- Exercise requirements
Below are records with pictures in them. Output exactly the lines from the one with "Un escavatore giallo" through the one with "Man standing in front of several semi trucks", both included, and leave every picture out; give only those lines.

- Supplied data

**********

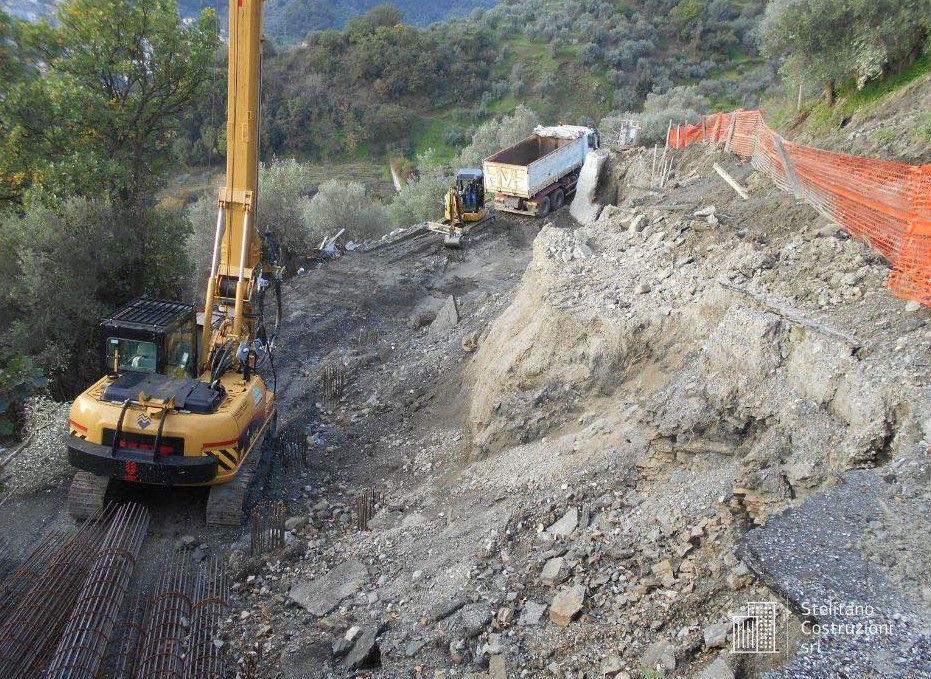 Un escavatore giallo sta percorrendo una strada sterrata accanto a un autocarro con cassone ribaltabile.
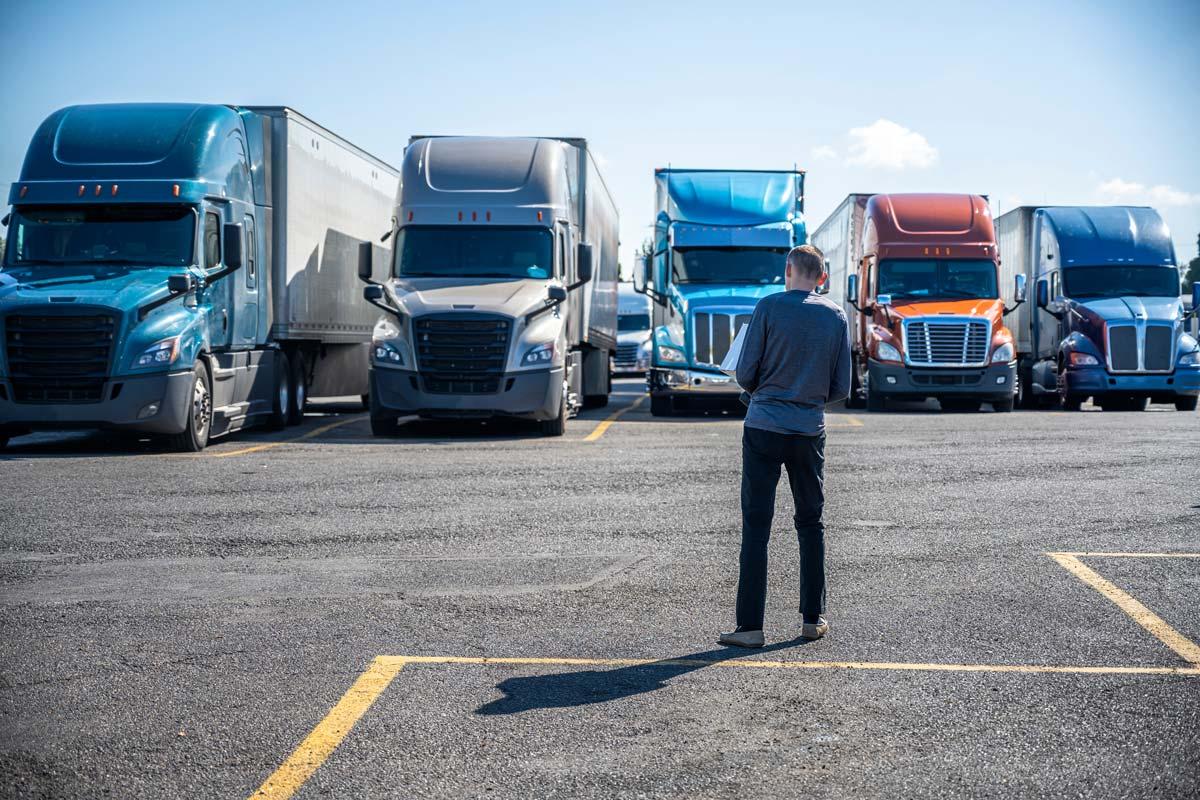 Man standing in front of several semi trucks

**********

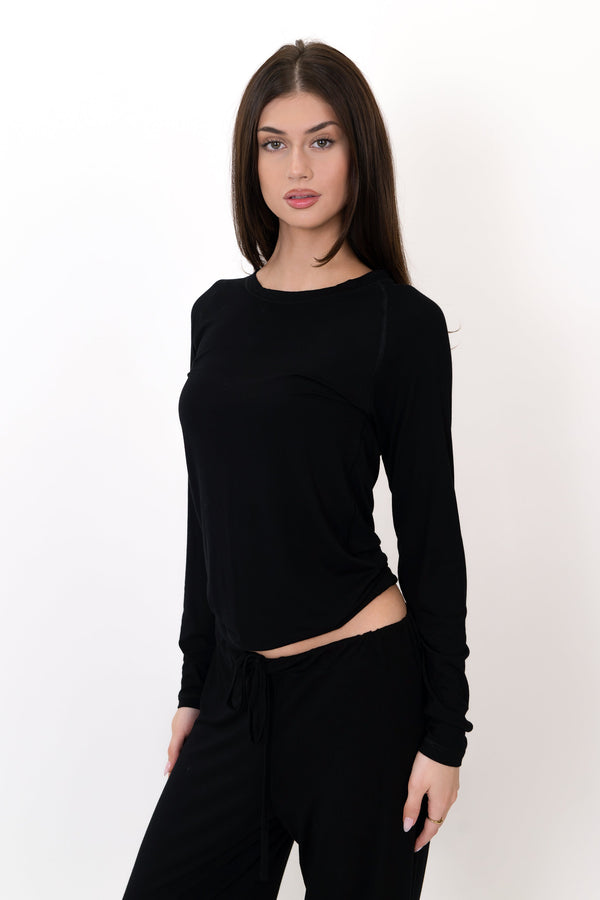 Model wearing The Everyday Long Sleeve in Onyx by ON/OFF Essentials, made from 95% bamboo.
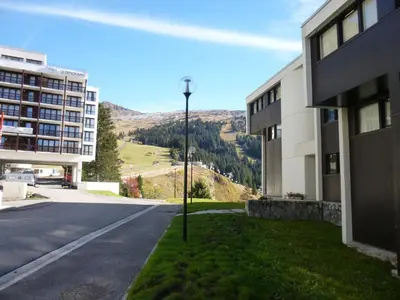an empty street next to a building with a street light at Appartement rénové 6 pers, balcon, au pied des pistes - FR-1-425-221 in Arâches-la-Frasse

**********

- Response for this exercise
 Un escavatore giallo sta percorrendo una strada sterrata accanto a un autocarro con cassone ribaltabile.
 Man standing in front of several semi trucks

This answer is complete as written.